Re: raid10 vs raid5 - strange performance

pg_lxra@xxxxxxxxxxxxxxxxxxx (Peter Grandi) · Sun, 30 Mar 2008 12:16:59 +0100

[ ... ]

>>> The md raid10,f2 generally has modest write performance, if
>>> U is a single drive speed, write might range between 1.5U to
>>> (N-1)/2*U depending on tuning. Read speed is almost always
>>> (N-1)*U, which is great for many applications. Playing with
>>> chunk size, chunk buffers, etc, can make a large difference
>>> in write performance.

>> Hmm, I have other formulae for this. raid10,f2 write speed
>> would rather be U*N/2, and read speed be U*N - possibly
>> enhanced by also having bigger chunks than on a regular
>> non-raid disk, and enhanced by lower access times. The
>> formulae are both for sequential and random reads.

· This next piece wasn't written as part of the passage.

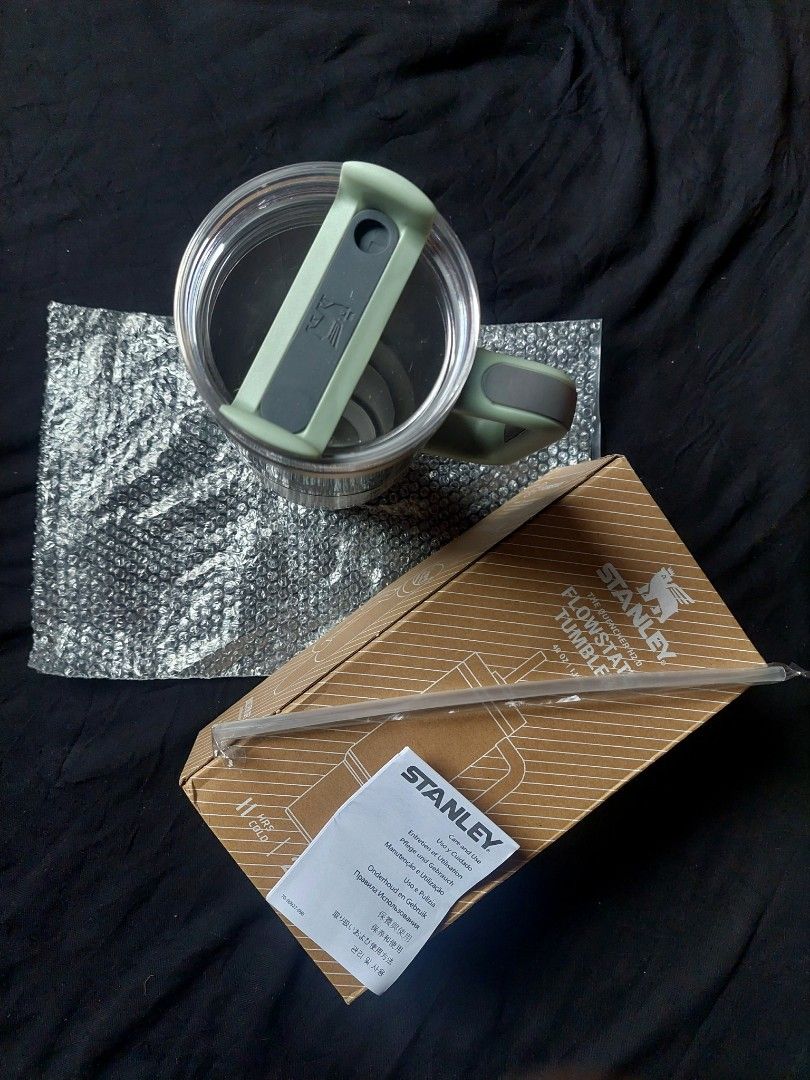 Stanley Glossy Marble 40 oz Quencher (Category: Water Bottles & Tumblers) located in Manila. Submitted by ashibambum_05 (Listing ID 1469236602, Image 3). Description: Brandnew Inclusions: Straw, manual, og box SRP sa mall 3k, SAME QUALITY.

Well, that's very optimistic, because writing to different
halves of disks in a staggered way has two impacts.

For example as you say here to bottom "mirror" half of each disk
can be rather slower than the outer "read" half:

> And also faster transfer rates due to using the outer tracks
> of the disk. This factor could amount to up to a factor of 2
> when reading from the high end of the array vs reading from
> the high end of the bare disk.

But then for writing on RAID10 f2 writing to an outer and inner
half only reduces a little the surface write speed *across the
RAID10*: in RAID10 n2 write speed goes from say mx(80,80)MB/s to
max(40,40)MB/s as one writes each disk top to bottom, with an
average of 60MB/s, but on RAID10 f2 it goes from max(80,60)MB/s
to max(60,40)MB/s, or average 50MB/s.

In other words if one looks at the longitudinal (sequential)
speed, RAID10 f2 read speed is that of the first half, as you
write, but write speed is limited to that of the second half
(because in writing to both halves on must wait for both writes
to complete).

But write speed is not just longitudinal speed, and things get
complicated because of the different latitudes of writing,
involving seeking between inner and outer half on long writes.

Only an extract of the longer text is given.